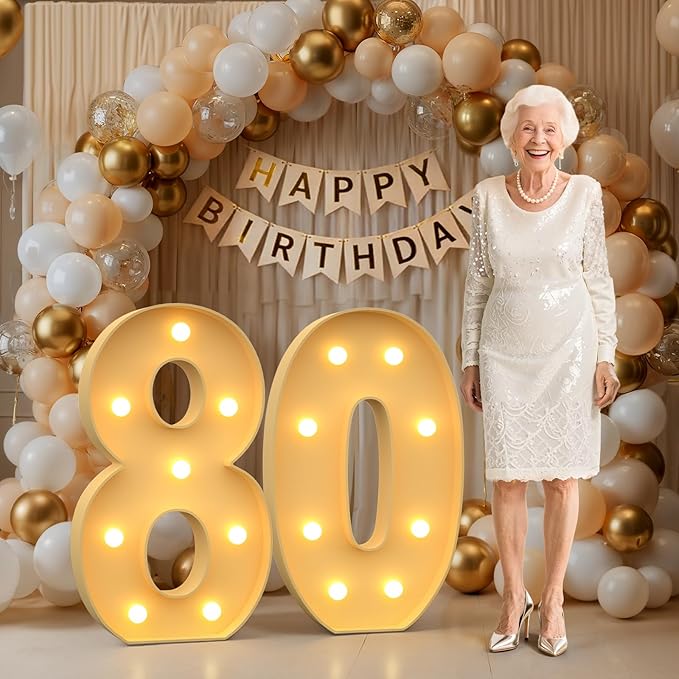 3FT Marquee Numbers 80, Large Light up Number 80 for Birthday Party Supplies, Sign, Backdrop, Happy 80th Birthday Decorations for 80 Years Old Women Men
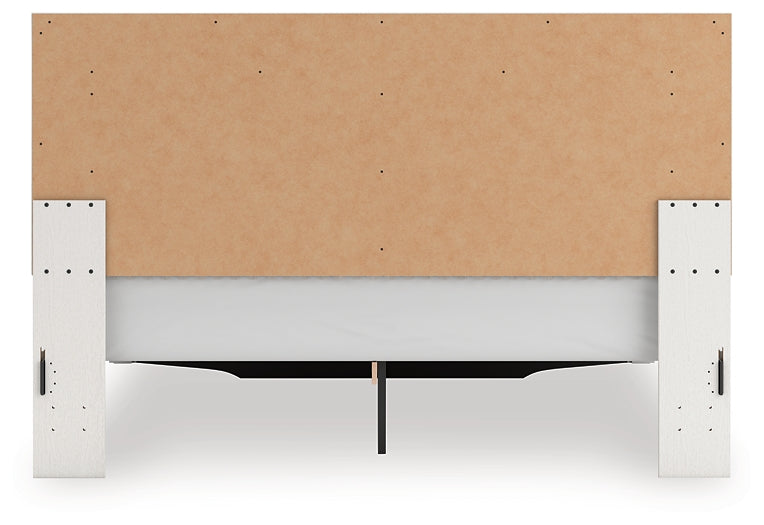 Zuraleus King Upholstered Panel Platform Storage Bed, Dresser, Mirror and Nightstand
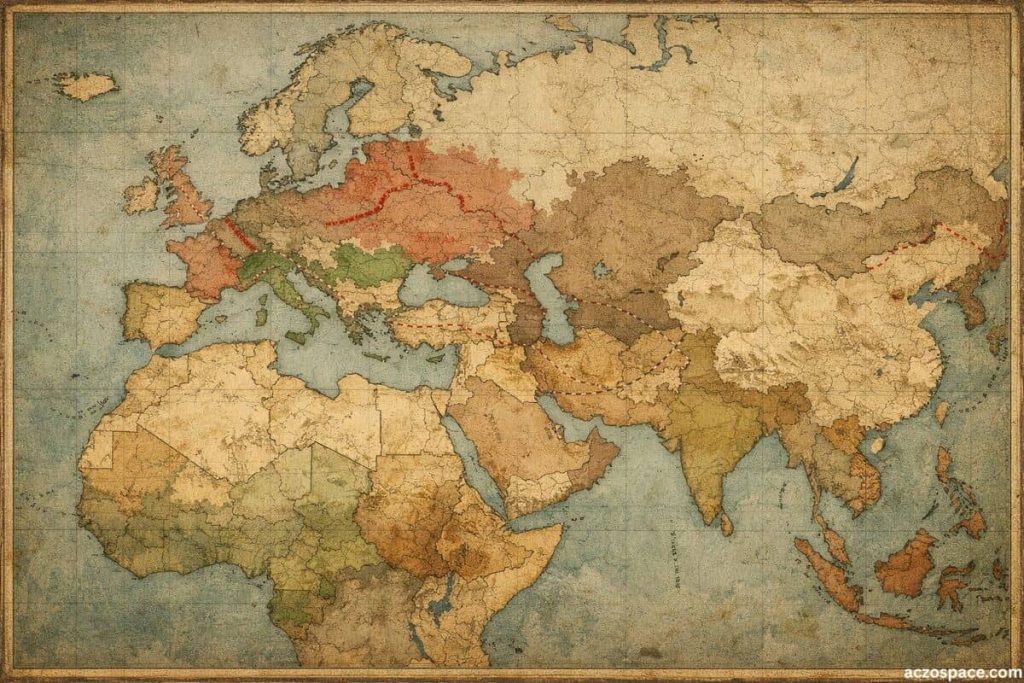 AI-generated historical illustration of the global spread of World War I from 1914 to 1918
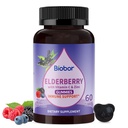 Prírodné čierne plody Gummy 150mg, bazové ovocie extrakt s vitamínom C a zinkom, bylinné staršieCraft® Gumies Denná imunitná podpora pre deti a dospelých, 60 Počet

● ● ● ●

- [What to produce] The answer must be the full listing, restated word for word, with no pictures in it.

- [Solution to the exercise]
 3FT Marquee Numbers 80, Large Light up Number 80 for Birthday Party Supplies, Sign, Backdrop, Happy 80th Birthday Decorations for 80 Years Old Women Men
 Zuraleus King Upholstered Panel Platform Storage Bed, Dresser, Mirror and Nightstand
 AI-generated historical illustration of the global spread of World War I from 1914 to 1918
 Prírodné čierne plody Gummy 150mg, bazové ovocie extrakt s vitamínom C a zinkom, bylinné staršieCraft® Gumies Denná imunitná podpora pre deti a dospelých, 60 Počet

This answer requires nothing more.